Summary_stats_bmi_basic

This is limited in that it can’t easily separated (faceted) by factors.  For example, separate the summary of BMI by gender.  There is a very useful add-on package to R called “doBy” which, which can be easily downloaded and installed going to the Packages menu -> Install Packages and scrolling down to “doBy”, and selecting install.  If R asks for a “CRAN mirror” (ie. the site you wish do download a package from) my recommendation is one from inside Australia – although hey are all approved by the R Project Group.

Once installed, you need to load the package you wish to use.  This is achieved by entering the command library(<package name>); in this case:

library(doBy)

Sometimes a package will depend upon another package (R will warn you of this) and thus this requires you to install that package also.  If this is the case, simply repeat the process to install all required packages.  The good news is once you have installed a package you won’t need to do it again in the future.

Using doBy, you can “facet” the statistics for a specific variable by different factors (denoted by the first argument) and specify which statistics you would like in the summary (denoted by the FUN=c() argument, and also.  For example, create an object “Summary_stats_boots” and then summarise the comfort by boot type and gender:

Summary_stats_boots <- summaryBy(comfortf~bootsf+genderf, FUN=c(length, median, mean, sd, min, max),data=data)

Summary_stats_boots

 

Note that I used the factors for boots (bootsf) and gender (genderf) – this way I get the understandable name, rather than the original number format.

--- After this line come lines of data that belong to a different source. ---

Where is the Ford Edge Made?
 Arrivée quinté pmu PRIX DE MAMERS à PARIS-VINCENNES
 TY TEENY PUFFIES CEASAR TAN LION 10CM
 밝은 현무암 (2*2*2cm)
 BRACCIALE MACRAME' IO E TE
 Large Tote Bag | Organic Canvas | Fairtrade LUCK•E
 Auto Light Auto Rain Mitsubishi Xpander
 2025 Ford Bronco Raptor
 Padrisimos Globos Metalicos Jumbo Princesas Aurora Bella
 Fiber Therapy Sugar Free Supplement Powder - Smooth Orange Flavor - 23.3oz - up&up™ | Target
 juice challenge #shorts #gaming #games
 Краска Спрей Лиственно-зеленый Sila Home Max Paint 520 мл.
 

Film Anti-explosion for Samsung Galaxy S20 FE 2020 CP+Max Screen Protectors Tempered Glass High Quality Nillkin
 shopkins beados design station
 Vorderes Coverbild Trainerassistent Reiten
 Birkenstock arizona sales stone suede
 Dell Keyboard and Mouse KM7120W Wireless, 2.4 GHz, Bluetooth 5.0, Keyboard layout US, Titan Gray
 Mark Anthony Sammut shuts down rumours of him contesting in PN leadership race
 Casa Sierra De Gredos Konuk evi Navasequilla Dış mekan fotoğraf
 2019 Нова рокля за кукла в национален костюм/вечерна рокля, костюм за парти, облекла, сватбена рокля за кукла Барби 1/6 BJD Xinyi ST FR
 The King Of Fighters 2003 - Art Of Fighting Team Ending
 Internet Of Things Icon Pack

You would probably like to save this result for use later, for example in a paper you are writing.  This is achieved the same way as you saved the data before, except this time the dataframe is Summary_stats_boots.

write.csv(Summary_stats_boots, file="Summary_stats_boots.csv", na = "NA", row.names=F)

You can then open the file you created and copy/paste the information you want.

 

Exercise:

Summarise BMI by gender and smoking status.  Save it as a csv file for later use.